I'd prefer the mail carrier just leave it... You know?


----------



## Silver Back (Nov 6, 2010)

Buzzard said:


> ^^^^ You've ordered recently?
> 
> I'd prefer the mail carrier just leave it... You know?



I recieved an order less than a month ago. The postman always leaves mine on the porch.


----------



## meatbeater (Nov 6, 2010)

am i better off ordering domestic? or is it good to go?


----------



## brandon123 (Nov 6, 2010)

Domestic is your safest bet. It may save you a few bucks to go international but you have to wait longer and what if there is a problem?? Not saying anything about the sponsor you are thinking about going with. I'm just saying in general. If you can get a good domestic sponsor go with that


----------



## meatbeater (Nov 6, 2010)

is it better to have a PO box or send it to my house?

also

what are some of the best domestics? i always just bought with my friend but his last package was seized, so i'm doing my own research now.


----------



## bigrene (Nov 6, 2010)

They took a little over a month but they sent me about 40 dollars in extra pills on top of my order but IF TIME IS NOT AN ISSUE definitely gtg.


----------



## OrbitNutrition (Nov 6, 2010)

my post guy leaves it in my mailbox


----------



## meatbeater (Nov 6, 2010)

should i get a PO box or send it to my house


----------



## OrbitNutrition (Nov 6, 2010)

either way works.


----------



## brandon123 (Nov 6, 2010)

meatbeater said:


> i'm doing my own research now.


 That my friend is the best thing you can do


----------



## pitbullguy0101 (Nov 7, 2010)

whos domestic?


----------



## Grozny (Nov 7, 2010)

naps is good guy I would say one of the top notch UG lab out there.


----------



## cavtrooper96 (Nov 7, 2010)

Ive always heard slow shipping but nothing else bad.


----------



## BigBoiH (Nov 7, 2010)

We're a domestic shipper.


----------



## White (Nov 7, 2010)

Naps is great.

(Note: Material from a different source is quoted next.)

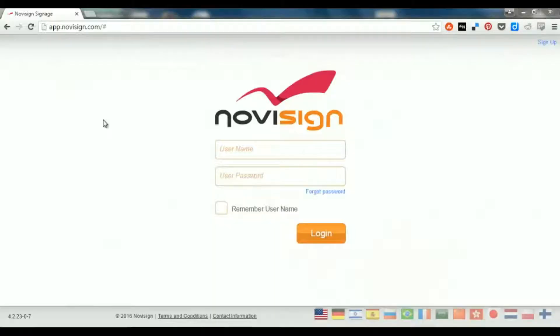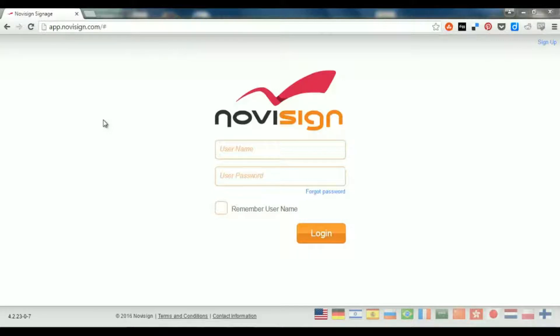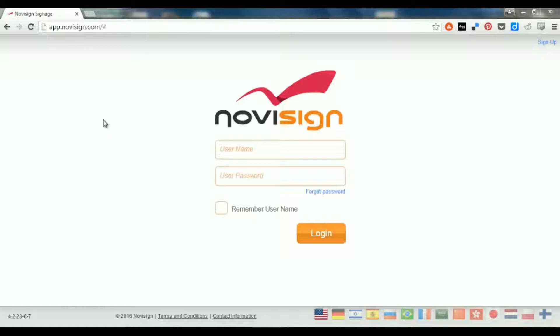This is Nir from NoviSign and today I'm going to show you how to use your online studio. The online studio is a website which allows you to upload your content, edit your content, and send it to all your players in the venue, such as Android players, Windows players, and Chrome OS players.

Didn't even take too long for me, and I shipped to PO. For my first order I went domestic, but it was a little pricey.


----------



## meatbeater (Nov 7, 2010)

BigBoiH said:


> We're a domestic shipper.


i can't PM cuz my post count. i'd like to order from there, but the prices are a bit high and i'm always nervous to buy at high prices before trying the particular source.


----------



## bmw (Nov 15, 2010)

meatbeater said:


> i can't PM cuz my post count. i'd like to order from there, but the prices are a bit high and i'm always nervous to buy at high prices before trying the particular source.



a bit high??

naps is much cheaper and yeah it takes a bit longer coming from overseas, but plan ahead and that shouldn't be a problem.


----------



## blazeftp (Nov 15, 2010)

Naps prices are high !

If you think that i would love to know where you get your gear from 



I have made 2 orders from them.
Got them within 15 days.

Wrapped up nice and safe.


----------



## Gawd (Nov 15, 2010)

bmw said:


> a bit high??  Shit, try WAY fucking high!


+1

If you want to pay those prices to get your stuff slightly quicker, and get bottles of shit called "Sustblood", etc.. go for it.

Edit:  Lol.. If you go to the 10x Sustblood page, it tells you its the 5x Sustblood special, then gives you a link for more info on boldablood.


----------



## bmw (Nov 15, 2010)

blazeftp said:


> Naps prices are high !
> 
> If you think that i would love to know where you get your gear from
> 
> ...



no bro, naps prices aren't high.  That domestic company's prices are way too high.  Even for a domestic, their (UG) prices are 3-4 times too high.


----------



## bmw (Nov 15, 2010)

Gawd said:


> +1
> 
> If you want to pay those prices to get your stuff slightly quicker, and get bottles of shit called "Sustblood", etc.. go for it.
> 
> Edit:  Lol.. If you go to the 10x Sustblood page, it tells you its the 5x Sustblood special, then gives you a link for more info on boldablood.



lol, you quoted my post before I edited.  I was trying to be nicer to a sponsor, but yeah...way fucking high.


----------



## blazeftp (Nov 15, 2010)

Ahh just realized when i was reading throw lol


----------



## brandon123 (Nov 15, 2010)

Hardbody has a domestic line


----------



## bmw (Nov 16, 2010)

In my dreams, naps would have everything available (HG too) via domestic reshipper.  

*sigh*

(hint hint)


----------



## The Prototype (Nov 16, 2010)

I've used anabolic temple and they are fast and gtg. Got mine in 7 days. Product was good quality. Prices are high though. I agree there.


----------



## Gawd (Nov 16, 2010)

rippedgolfer said:


> I've used anabolic temple and they are fast and gtg. Got mine in 7 days. Product was good quality. Prices are high though. I agree there.


Seriously?
wtf.


----------



## The Prototype (Nov 16, 2010)

Gawd said:


> Seriously?
> wtf.



What are you confused about? I think my reply was pretty straight forward. And I'm not a rep for AT nor do I have any interest in their company. Just sharing my personal experience with a domestic.


----------



## blergs. (Nov 17, 2010)

Naps always did me right.T/A  has been the same.


----------



## GXR64 (Nov 17, 2010)

Naps ships fast, keep in mind there are things out of there control that could happen and slow it up. As for other companies i wont comment cause that is not my style to jump in other company threads and say HEY TRY THIS PLACE!!!!!!!!!!!


----------



## RANE (Nov 18, 2010)

Going on 18 days since Shipped from Naps and nothing yet. As the site says to give it 30 days I will.


----------



## Grozny (Nov 18, 2010)

RANE said:


> Going on 18 days since Shipped from Naps and nothing yet. As the site says to give it 30 days I will.



u didint order a pizza, dont need to panic for nothing.


----------



## KB77 (Nov 18, 2010)

G2g  got my gear in 10 days. Loving it.


----------



## RANE (Nov 19, 2010)

Grozny said:


> u didint order a pizza, dont need to panic for nothing.




I understand I didn't order a pizza, I am just making a statement as a consumer and first time customer pertaining to the subject.Some people get their orders in 10 days others in 30 that is all.


----------